하지만, posterior는 intractable!

\(\rightarrow\) 따라서 approximate inference 필요

\(p\left(\boldsymbol{\theta} \mid \mathcal{D}_{1: T}\right) \approx q_{T}(\boldsymbol{\theta})=\operatorname{proj}\left(q_{T-1}(\boldsymbol{\theta}) p\left(\mathcal{D}_{T} \mid \boldsymbol{\theta}\right)\right)\).
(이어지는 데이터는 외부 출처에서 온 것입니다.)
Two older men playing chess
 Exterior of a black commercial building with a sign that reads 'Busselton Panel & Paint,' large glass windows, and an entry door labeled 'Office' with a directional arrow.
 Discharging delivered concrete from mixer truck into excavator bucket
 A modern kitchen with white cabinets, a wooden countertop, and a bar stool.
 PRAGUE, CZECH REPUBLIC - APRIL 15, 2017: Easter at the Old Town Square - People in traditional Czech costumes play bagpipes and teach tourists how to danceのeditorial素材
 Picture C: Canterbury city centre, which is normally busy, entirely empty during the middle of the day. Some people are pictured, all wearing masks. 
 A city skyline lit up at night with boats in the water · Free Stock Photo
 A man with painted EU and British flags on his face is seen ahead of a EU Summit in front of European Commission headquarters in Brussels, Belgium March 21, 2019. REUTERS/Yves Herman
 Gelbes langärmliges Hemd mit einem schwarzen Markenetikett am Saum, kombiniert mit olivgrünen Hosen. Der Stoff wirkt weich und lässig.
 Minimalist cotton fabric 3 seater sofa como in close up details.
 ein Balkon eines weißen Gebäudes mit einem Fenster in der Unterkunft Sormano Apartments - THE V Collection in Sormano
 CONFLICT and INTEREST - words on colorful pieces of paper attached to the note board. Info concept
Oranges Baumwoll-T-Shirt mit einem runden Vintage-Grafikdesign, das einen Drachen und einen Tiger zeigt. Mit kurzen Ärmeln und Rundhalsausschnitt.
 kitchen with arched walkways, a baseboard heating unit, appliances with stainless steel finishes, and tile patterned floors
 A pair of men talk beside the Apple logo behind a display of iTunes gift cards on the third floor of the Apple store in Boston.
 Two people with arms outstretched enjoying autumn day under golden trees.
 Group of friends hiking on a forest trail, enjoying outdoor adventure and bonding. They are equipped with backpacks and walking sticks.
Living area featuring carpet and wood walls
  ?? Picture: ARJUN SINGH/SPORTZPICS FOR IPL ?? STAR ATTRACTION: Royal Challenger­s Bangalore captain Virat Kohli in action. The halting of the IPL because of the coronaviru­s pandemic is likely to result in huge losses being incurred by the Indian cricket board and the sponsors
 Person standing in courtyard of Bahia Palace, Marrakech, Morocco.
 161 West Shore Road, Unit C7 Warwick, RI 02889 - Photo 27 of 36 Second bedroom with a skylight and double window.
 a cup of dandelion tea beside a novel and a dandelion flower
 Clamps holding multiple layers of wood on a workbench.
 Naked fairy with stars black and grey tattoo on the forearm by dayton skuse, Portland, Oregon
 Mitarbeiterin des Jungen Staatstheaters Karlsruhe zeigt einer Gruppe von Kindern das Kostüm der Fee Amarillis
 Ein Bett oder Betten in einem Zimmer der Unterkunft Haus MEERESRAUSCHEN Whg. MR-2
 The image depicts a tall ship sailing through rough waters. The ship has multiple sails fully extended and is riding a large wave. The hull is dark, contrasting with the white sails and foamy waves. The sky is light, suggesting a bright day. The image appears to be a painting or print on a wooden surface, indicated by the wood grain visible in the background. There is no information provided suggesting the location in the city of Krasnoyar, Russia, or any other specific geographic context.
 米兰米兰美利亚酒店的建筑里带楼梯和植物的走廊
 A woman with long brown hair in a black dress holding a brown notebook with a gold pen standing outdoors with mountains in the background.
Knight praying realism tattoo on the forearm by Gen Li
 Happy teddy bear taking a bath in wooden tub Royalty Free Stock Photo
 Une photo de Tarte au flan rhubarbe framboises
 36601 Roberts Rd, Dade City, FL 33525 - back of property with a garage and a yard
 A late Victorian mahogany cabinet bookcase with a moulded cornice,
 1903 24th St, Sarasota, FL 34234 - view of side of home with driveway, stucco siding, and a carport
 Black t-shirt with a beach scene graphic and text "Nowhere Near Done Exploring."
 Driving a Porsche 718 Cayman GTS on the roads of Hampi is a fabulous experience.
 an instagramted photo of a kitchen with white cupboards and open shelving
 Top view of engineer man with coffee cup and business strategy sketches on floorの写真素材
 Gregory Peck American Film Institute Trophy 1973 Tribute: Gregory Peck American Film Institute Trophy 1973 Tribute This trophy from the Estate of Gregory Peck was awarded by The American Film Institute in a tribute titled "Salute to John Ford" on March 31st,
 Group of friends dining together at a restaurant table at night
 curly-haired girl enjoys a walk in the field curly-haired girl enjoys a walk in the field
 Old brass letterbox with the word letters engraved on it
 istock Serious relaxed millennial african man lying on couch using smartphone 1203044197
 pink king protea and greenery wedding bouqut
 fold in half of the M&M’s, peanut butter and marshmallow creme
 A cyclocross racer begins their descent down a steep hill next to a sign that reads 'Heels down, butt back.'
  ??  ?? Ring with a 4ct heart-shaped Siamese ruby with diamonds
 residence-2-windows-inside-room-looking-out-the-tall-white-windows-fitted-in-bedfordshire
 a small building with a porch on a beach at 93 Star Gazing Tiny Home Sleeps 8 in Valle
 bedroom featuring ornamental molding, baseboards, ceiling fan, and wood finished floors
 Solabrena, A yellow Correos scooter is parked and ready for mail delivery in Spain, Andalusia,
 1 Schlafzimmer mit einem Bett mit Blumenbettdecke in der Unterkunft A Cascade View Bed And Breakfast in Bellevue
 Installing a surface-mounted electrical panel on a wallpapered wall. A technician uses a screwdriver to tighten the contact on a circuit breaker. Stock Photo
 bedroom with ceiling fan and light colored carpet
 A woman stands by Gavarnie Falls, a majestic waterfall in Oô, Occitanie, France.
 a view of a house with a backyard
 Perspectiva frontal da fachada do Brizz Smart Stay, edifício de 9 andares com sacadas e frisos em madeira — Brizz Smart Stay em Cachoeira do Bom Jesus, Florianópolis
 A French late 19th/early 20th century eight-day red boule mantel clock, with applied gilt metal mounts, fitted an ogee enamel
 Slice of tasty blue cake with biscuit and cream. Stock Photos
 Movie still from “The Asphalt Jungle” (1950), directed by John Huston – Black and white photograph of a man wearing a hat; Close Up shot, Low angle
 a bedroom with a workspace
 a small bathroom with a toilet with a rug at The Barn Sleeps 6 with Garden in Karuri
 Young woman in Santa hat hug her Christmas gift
• (1) Laplace’s Approximation
• (2) Variational KL minimization
• (3) Moment Matching
• (4) Importance Sampling

위의 (1)~(4)에 해당하는 projection operators :

• (1) Laplace Propagation
• (2) online VI
• (3) assumed density filtering (ADF)
• (4) sequential Monte Carlo (SMC)

2-1. VCL & Episodic Memory Enhancement

minimize해야하는 대상 :

• \(q_{t}(\boldsymbol{\theta})=\arg \min _{q \in \mathcal{Q}} \mathrm{KL}\left(q(\boldsymbol{\theta}) \| \frac{1}{Z_{t}} q_{t-1}(\boldsymbol{\theta}) p\left(\mathcal{D}_{t} \mid \boldsymbol{\theta}\right)\right), \text { for } t=1,2, \ldots, T\).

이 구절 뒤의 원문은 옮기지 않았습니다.